The battle against payment fraud is never ending. It evolves constantly, with hackers creating increasingly sophisticated ways to breach data systems and steal identities. In 2018, malware and ransomware constituted major threats, followed by social engineering attacks and phishing attempts.
Online and mobile transactions are particularly vulnerable to breaches, and passwords and codes can no longer provide adequate security against cyber attacks. Innovative technologies are being developed to meet growing fraud challenges. According to Capgemini, fraud detection systems using machine learning and analytics minimize fraud investigation time by 70% and improve detection accuracy by 90%.
Machine learning fraud detection
Machine learning enables the creation of algorithms that process large datasets with many variables. The system reveals hidden correlations between user behavior and the likelihood of fraud. Machine learning systems enable faster data processing and are less dependent on manual effort.
MasterCard has adopted machine learning to monitor variables such as transaction size, location, device, and purchase data. The system assesses account behavior and offers real-time assessment regarding the nature of the transaction. The system reduces the number of false declines in merchant payments.

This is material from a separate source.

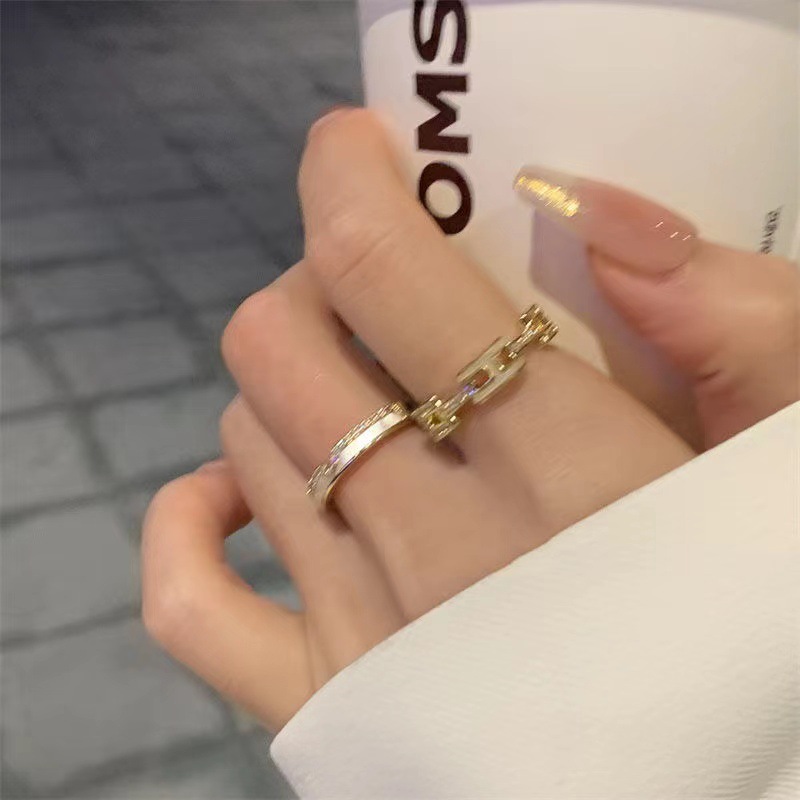 大！輕奢名媛貝殼字母精緻疊戴戒指女ins小眾高級感時尚指環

According to reports, merchants lose about $118 billion annually due to false positives, while customers’ losses amount to nearly $9 billion.
Blockchain for digital identity
One of the main problems related to fraud is that personal data is shared by a wide range of organizations, providing hackers with easy pickings. By definition, blockchain or Distributed Ledger Technologies (DLT) is decentralized. This factor enables a new approach to identity management. Data can be shared across different transactional channels while enabling robust protection of user identities. Users will have the ability to create encrypted digital identities, and the need for multiple usernames and passwords will be eradicated.
Behavioral biometrics for unreplicable authentication
Behavioral biometrics authentication is based on the principle that no two human beings share the exact same behavioral patterns. When it comes to the use of mobile phones, each user has their own typing pattern, swipe speed and finger pressure. Through machine learning and by analyzing behavioral patterns, smart algorithms can continuously authenticate user identity in the background of a session without interrupting the user experience.
User behavior analysis
One of the classic methods to detect fraud is to track deviations from usual customer behavior. A smart fraud system will pick up anomalies such as high values and unusual locations, new IP addresses, time of day, changed shopping patterns, and more. After detecting these activities, an advanced algorithm will raise a flag and assign a higher likelihood of fraud. The system will then send a verification request to the card owner in real time.
All of these methods constitute highly effective tools to fight sophisticated fraud. Small and medium-sized companies may find it more affordable to engage external data science experts or acquire third-party software rather than building an in-house team.